Through the Looking Glass presents an overview of this last period, with a selection of work Moses produced over the last five years of his life. The work is ambitious and adventurous, and is marked by the artist’s spontaneity and expansive visual vocabulary.
The exhibition reveals an artist fully engaged, working in the moment, embracing a career’s worth of stylistic approaches, while incorporating new ones, as Moses boldly entered the labyrinths of the creative process. The works are dramatic in scope and exemplify the breadth of his reach.
The title of the exhibition is from Lewis Carroll, one of Moses’s favorite writers, and refers to one of the artist’s fundamental beliefs - that art, at its best, is a portal to the unknown, through which one is transported to magical realms.
Moses did not paint to express; he painted to discover. Restless curiosity was his driving force - chance and circumstance his guiding principles. Often Moses would see the ghost images that appeared on the backs of his paintings as the very point and pith of the effort - subconscious postern doors opening to new dimensions through a willingness to embrace the unexpected.
It has been a year since Ed Moses has passed to the other side of the looking glass. We are honored to present these late works, by this incredibly gifted, committed, and important painter.
Moses obsessively mined the possibilities of abstract painting for over 60 years, leaving an indelible mark on the contemporary art world. He was extraordinarily productive, and as he entered his 90s, he showed little signs of slowing down, painting daily, as he had done for decades, outdoors at his Venice studio, and attending numerous exhibitions of his work at various venues throughout the city.

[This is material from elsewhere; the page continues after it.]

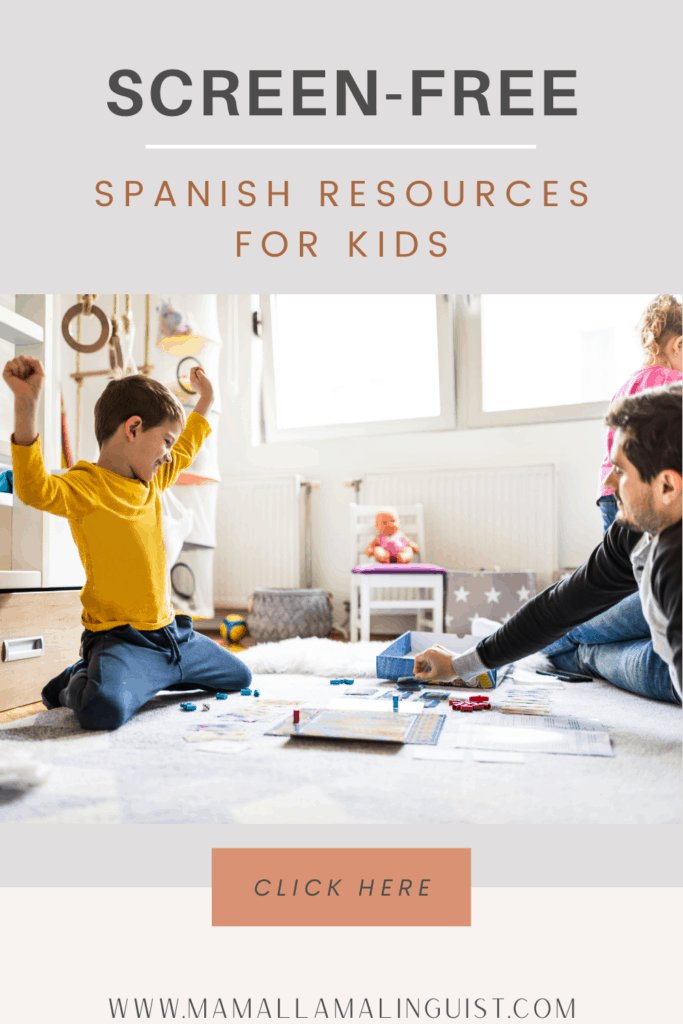 Screen Free Spanish Resources for Kids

Moses received national and international recognition for his singular, categorically evasive practice. Known for his restless intensity and ever-evolving style, Moses was considered one of LA’s most innovative painters, and a central figure in the city’s art scene since first gracing the walls of its legendary Ferus Gallery in 1958. Moses often referred to himself as a “mutator," driven less by the desire for self-expression than by a voracious appetite for experimentation and discovery. Describing his approach, Moses said, “The rational mind constantly wants to be in charge. The other parts want to fly. My painting is the encounter between the mind’s necessity for control and its yearning to fly, to be free from our ever- confining skull.”
A 200-page, fully illustrated artist monograph is forthcoming in 2019, and will include critical essays about the artist’s life and work by Richard Davey, Ph.D., author, and Chaplain at Nottingham Trent University, UK; and Thomas Krens, former Director of the Solomon R. Guggenheim Foundation in New York City, and current Senior Advisor for International Affairs.